O Sr. Hunter tinha uma teoria.
Ele achava que Malfoy estava atrás de um artefato mágico que fora recentemente exposto no museu bruxo da Cornualha: a espada Caledfwlch, mais conhecida como Excalibur. Aquela mesma, a do Rei Artur. A espada forjada no Mundo das Fadas 'e' sua bainha que tornava quem a usasse invulnerável.
Muito raramente ela deixava o refúgio da Ilha do Dragão, em Avalon, e o curador do museu recebeu honrarias de rei por conseguir permissão para exibi-la durante três dias.
- Será que ele realmente quer a espada, Tim?

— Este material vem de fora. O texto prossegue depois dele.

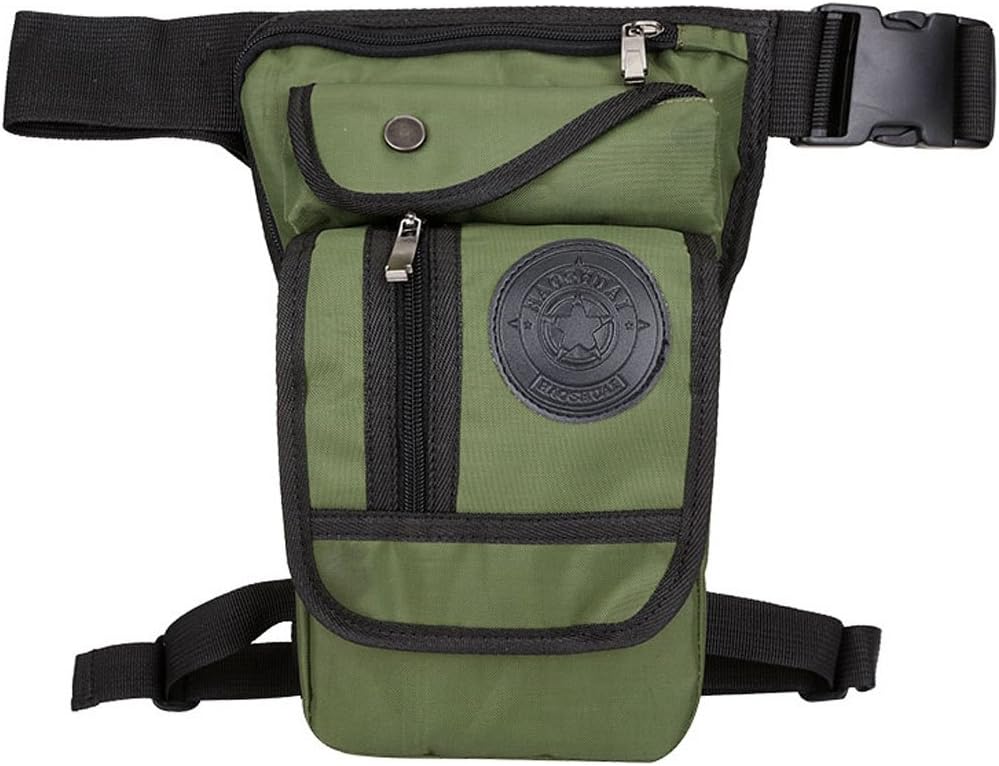 Nylon Drop Leg Bag Hiking Waist Pack for Men Women Tactical Motorcycle Bike Cycling Riding Travel Outdoor Sports Fanny Pouch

- É a única forma que vejo para o uso do pingente. O sujeito é ambicioso, Remo; e pode muito bem ter ficado louco o bastante em Azkaban para pretender enfrentar a Senhora do Lago e seus sacerdotes. Um objeto mágico para pegar outro, este sim, eficiente em batalhas. Ele estaria invencível.
- Ninguém sabe precisamente do que a jóia é capaz.
- Certo, Sirius. Entretanto, se eu fosse ele, assumiria o risco. Malfoy não tem nada a perder. Ele sabe que a Luz de Eärendil é capaz de guiá-lo até Avalon sem o auxílio da balsa.
- Concordo, mas precisamos esperar para ver qual o próximo lance. A jogada é dele e não sabemos se realmente está atrás da espada. Estaremos jogando antes de ver as cartas.
- Como ficamos? Avisamos o Ministério? Como explicar um destacamento de aurores?
- Remo, você contata o Sr. Weasley. Conte-lhe toda a verdade. Suspeito que haverá mais alguns ataques. Os desgraçados querem se aquecer.
- Quanto ao destacamento, temos que pensar em nomes... Quem vocês sugerem?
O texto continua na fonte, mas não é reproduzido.